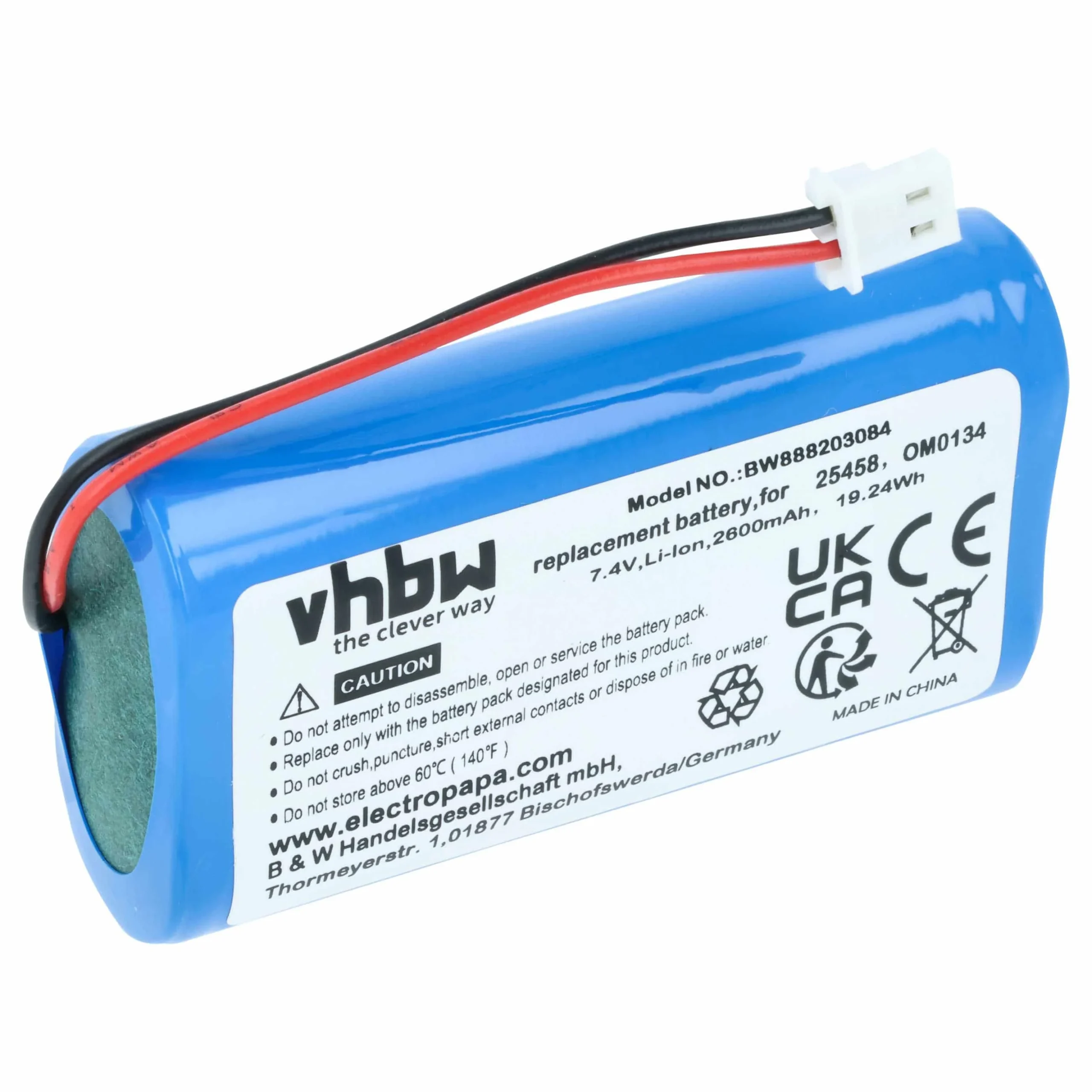Batterie remplace SurgiTel OM0134, 25458 pour appareil médical SurgiTel - 2600mAh 7,4V Li-ion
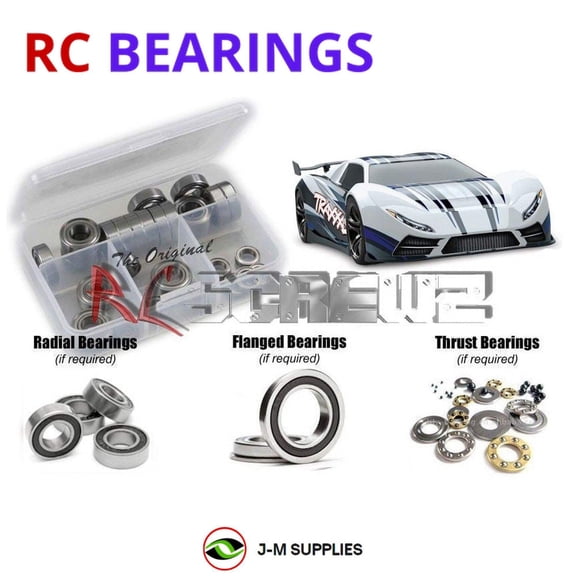 RCScrewZ Rubber Shielded Bearing Kit tra075r for Traxxas XO-1 Supercar 1/7 TSM Ed. 64077-3 | SET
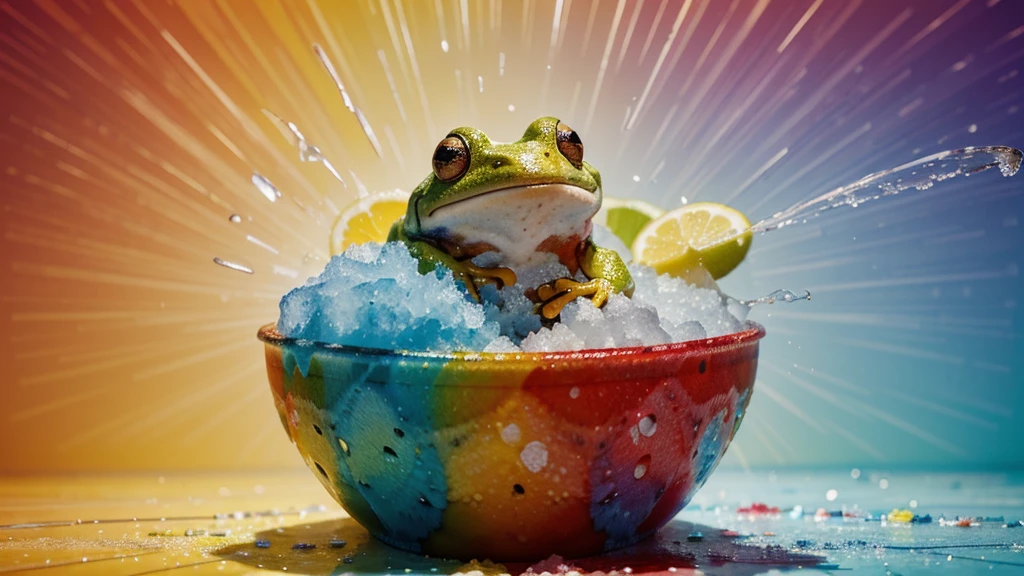 Hot summer day. The frog-shaped shaved ice is rich in fruit color, and a bowl full of many colorful particles sprinkled on it, making the broken ice full. which makes people salivate. The alcohol and ink is rendered,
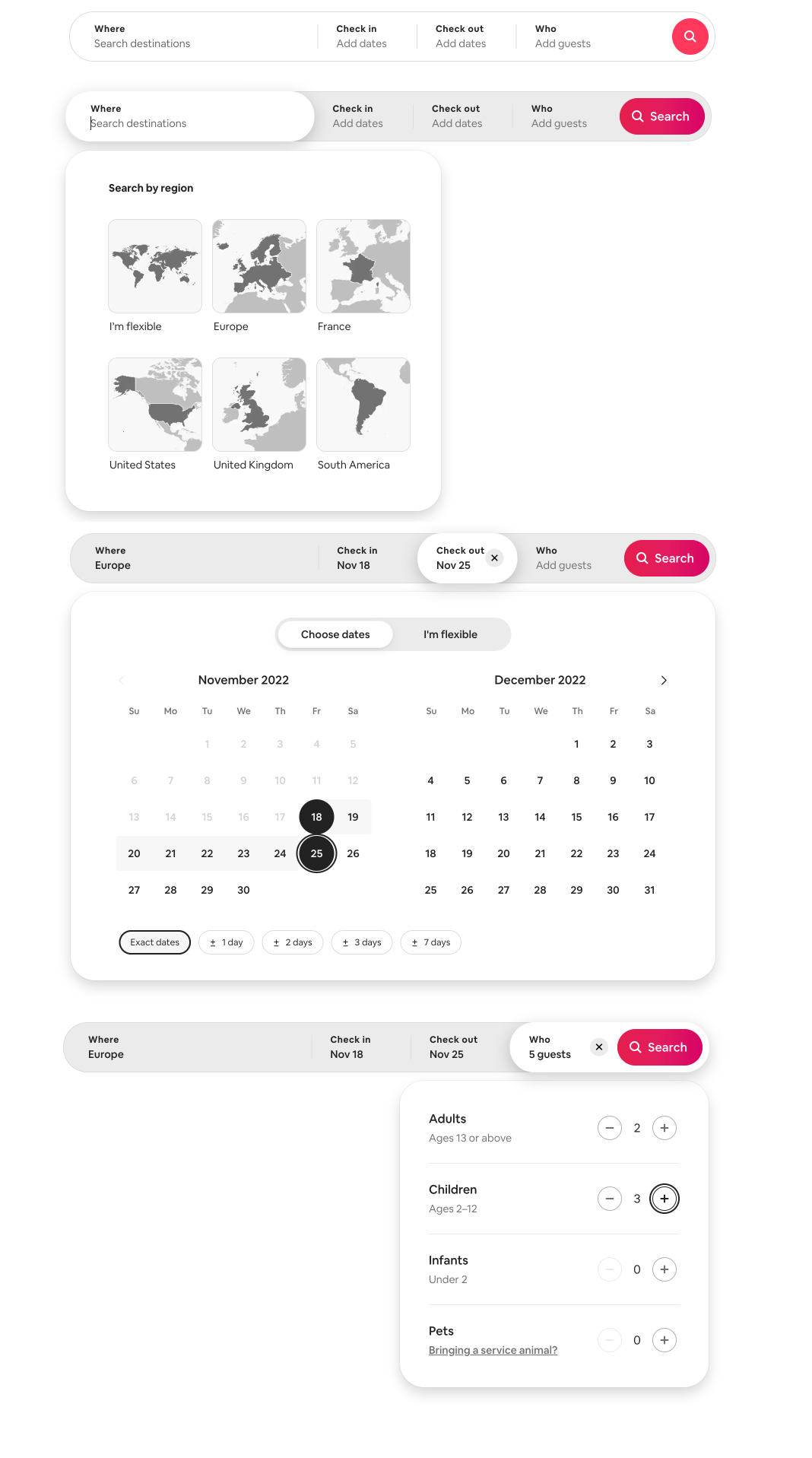 Screenshot of the various widgets for Airbnb’s booking interface, including a country picker, a date range picker, and a number of people input.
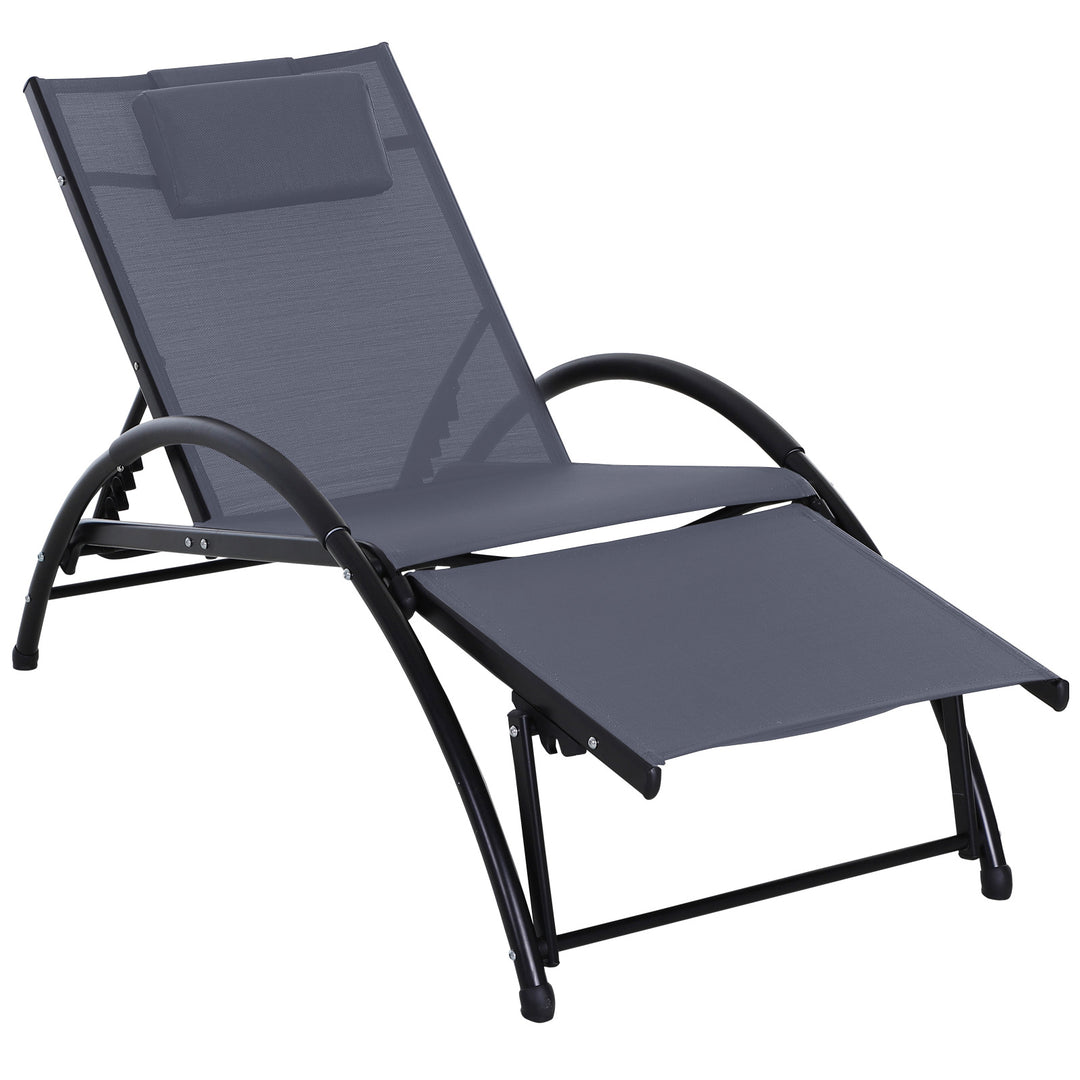 Outsunny Garden Patio Sun Lounger Half Circle Armrest Adjustable Head Footrest Aluminium Frame Textline Seat &amp;Pillow Garden Outdoor - Grey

**PROBLEM REQUIREMENTS:**
Please output only the lines running from the one that holds "RCScrewZ Rubber Shielded" through the last line of the entries, both ends included, without any images.

**REPLY:**
 RCScrewZ Rubber Shielded Bearing Kit tra075r for Traxxas XO-1 Supercar 1/7 TSM Ed. 64077-3 | SET
 Hot summer day. The frog-shaped shaved ice is rich in fruit color, and a bowl full of many colorful particles sprinkled on it, making the broken ice full. which makes people salivate. The alcohol and ink is rendered,
 Screenshot of the various widgets for Airbnb’s booking interface, including a country picker, a date range picker, and a number of people input.
 Outsunny Garden Patio Sun Lounger Half Circle Armrest Adjustable Head Footrest Aluminium Frame Textline Seat &amp;Pillow Garden Outdoor - Grey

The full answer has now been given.